Mossberg, who is on CyDex's board of directors, said Higuchi and the company realized it was time for a different type of leader to take the company to the next stage of its development.
"There is a time for one type of leadership and there is a time for a different type of leadership," Mossberg said. "That happens with companies all the time. Peter did a wonderful job for the company. My guess is the new CEO has the track record and the experience to take the company to a new level."
Siebert came to CyDex after an eight-year stint as president and CEO of Minnesota-based CIMA Labs. Under his leadership, the small, relatively obscure pharmaceutical company blossomed into one now listed on the Nasdaq. The company's value also grew -- from about $20 million to more than $400 million during Siebert's tenure.
"When I went to CIMA it was very much in the same stage of life as CyDex is now," Siebert said. "We were just getting products into the markets with our partners and we didn't have much money.
"I think that is what I bring to the table. That knowledge and ability to take a company from that development stage to a commercial stage."
Siebert said the company had set a goal of doubling its revenues in the next three to five years. The company doesn't release sales totals but it has not yet turned a profit in its 10-year history. It declined to release a projection for when it is expected to turn a profit.
And CyDex, which has 30 employees, is expecting to expand its work force. Siebert, though, said the firm probably would have fewer than 100 employees for the foreseeable future.
Taking the company's ownership public by listing it on a major stock exchange is definitely on his agenda.

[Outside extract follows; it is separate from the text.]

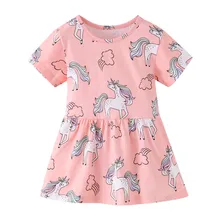 Summer Girls Dress Kids Floral Dress Cartoon Unicorn Printed Girls Dresses Baby Princess Dress for Kids Children Clothes Summer Girls Dress Kids Floral Dress Cartoon Unicorn Printed Girls Dresses Baby Princess Dress for Kids Children Clothes
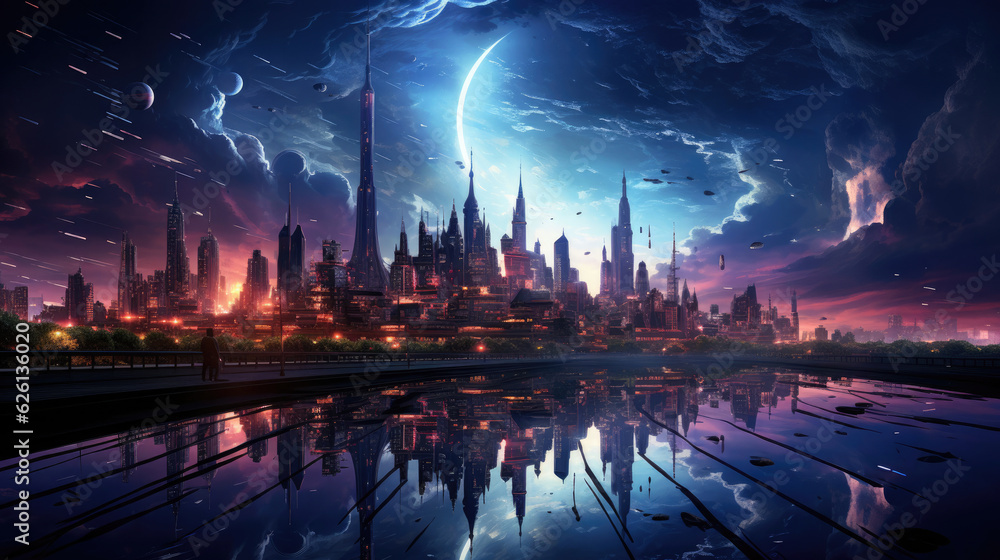Fototapeta premium Background image presenting a chaotic urban sprawl, reflecting cyberpunk aesthetics in neon pinks and electric blues, featuring silhouettes of cityscapes and light reflections in urban digital art.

"We have our own internal estimates for doing that, but we're not releasing those yet," Siebert said.
Two drugs now on the market use CyDex's Captisol formula to make them more easily absorbed by the body. Both are manufactured by pharmaceutical giant Pfizer. CyDex also has partnership agreements with eight other major pharmaceutical firms, including recent agreements with Japanese-based Taisho Pharmaceutical Co., Israeli-based Teva Pharmaceutical Industries and Merck & Co.
The first Captisol-enabled product hit the market in June 2002, and Siebert said it had created increasing interest in CyDex because getting a product through the Food and Drug Administration's approval process can be difficult.
"Getting through the FDA approval process with anything is a very important step," he said. "I think it has made people say 'Wow, this company really is going to succeed.'"
And regardless where the company is located, that success means real dollars to KU. The university receives a royalty payment because Captisol grew out of KU research. The deal is structured through an offshoot of the university, KU's Center for Research Inc.
Details of the arrangement aren't public. But Siebert said the payments already have begun and were expected to be significant in the future.
A better position
"The ultimate revenue generation will certainly be in the millions of dollars for KU," Siebert said. "The only question will be how many products end up in the market and how big do those products become."
The university uses the money to fund more research projects, a fact that has some area leaders optimistic researchers will make another discovery that will spawn another company similar to CyDex.
"We had companies like CyDex begin 10 years ago and they (KU) weren't doing as much research as they do now," said Lynn Parman, vice president of economic development for the Lawrence Chamber of Commerce. "So just think of the future. I'm really excited to see what Lawrence will look like 10 years from now."
Johnston also said he thought Lawrence was in a better position to hang on to emerging life sciences companies than it was 10 years ago. There's a greater recognition among area economic leaders that small companies, like the two-person firm CyDex once was, could turn into something much bigger.
"I think the attitude and awareness about these type of companies in Lawrence is better than it has ever been," Johnston said.